Carlos van Kan promoveerde vorig najaar op een proefschrift over de professionele normen en waarden van leraren in het basis- en voortgezet onderwijs: welke criteria blijken zij te hanteren om te bepalen of hun handelen in het belang van de leerling is? Onlangs heeft hij, onder verantwoordelijkheid van het Expertisecentrum Beroeps­onderwijs (ECBO), een vervolgonderzoek onder mbo-docenten gepubliceerd. Hij komt op zes professionele ‘onderwijspedagogische visies’ op basis waarvan docenten in het mbo-3 en mbo-4 hun studentgerichte handelen kunnen evalueren en verantwoorden (in gesprek met zichzelf of met collega’s). Deze zijn tot op zekere hoogte gerelateerd aan de wettelijke taken van de mbo-sector: de kwalificatie voor een beroep, voor de deelname aan de maatschappij en voor de doorstroom naar vervolgopleidingen.
De twee rapportages raken de kern van de beroepsethiek van onderwijsgevenden. Professionals stellen de belangen van hun cliënt centraal, maar bij de concretisering daarvan staan ze voor de uitdaging zich rekenschap te geven van de verschillende gezichtspunten die kunnen worden gekozen om het cliëntbelang te definiëren en inter­preteren.
Overigens is de leerling/student volgens mij weliswaar de belangrijkste maar niet de enige cliënt van leraren of docenten. Als mede-opvoeder rekenen leraren ook de ouders tot hun cliëntsysteem en als werknemer verlenen zij diensten aan hun onderwijsinstelling. Er wordt dus van hen verwacht de belangen van deze stakeholders in het oog te houden, ook al zullen die niet altijd met de belangen van de leerling/student samenvallen. Verder stuiten zij, als lid van het onderwijsteam (en van de beroepsgroep van onderwijs­gevenden), op de belangen van collega’s. En als ‘producent’ van gediplomeerden hebben ze tevens rechtstreeks met de belangen van het afnemende veld en van de maatschappij te maken.
Bij het evalueren en verantwoorden van hun professionele handelen kunnen leraren/docenten niet om die andere partijen heen.

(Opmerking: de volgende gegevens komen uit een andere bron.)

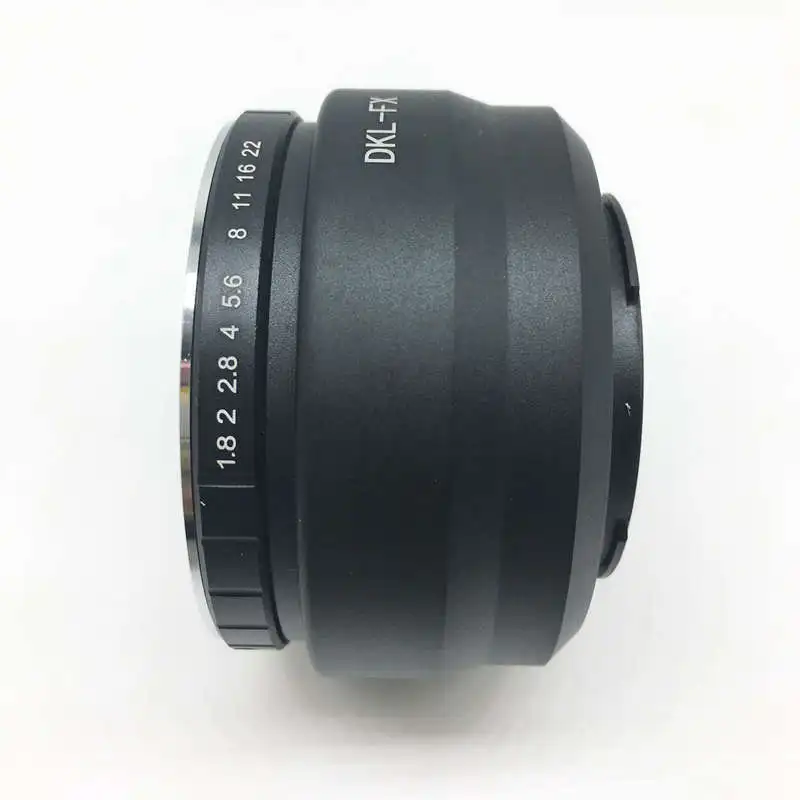 FFYY-Lens Adapter For Voigtlander Retina Dkl Lens To Fujifilm Fuji Fx X Mount X-Pro1 Xe2 | Электроника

Zij zullen dus niet alleen opvattingen over de belangen van de leerling/student in de beschouwing betrekken maar ook opvattingen over de belangen van de ouders, van hun onderwijsinstelling, van hun collega’s, van het afnemende veld en van de maatschappij. Bovendien kunnen ze visies op hun gerechtvaardigde eigenbelang meewegen. Deze academische kanttekening lijkt mij nodig om de waardevolle onderzoeksresultaten van Carlos van Kan te positioneren binnen de professionele beslissingsruimte van docenten.

Alle reactiemogelijkheden zijn voor dit bericht momenteel gesloten.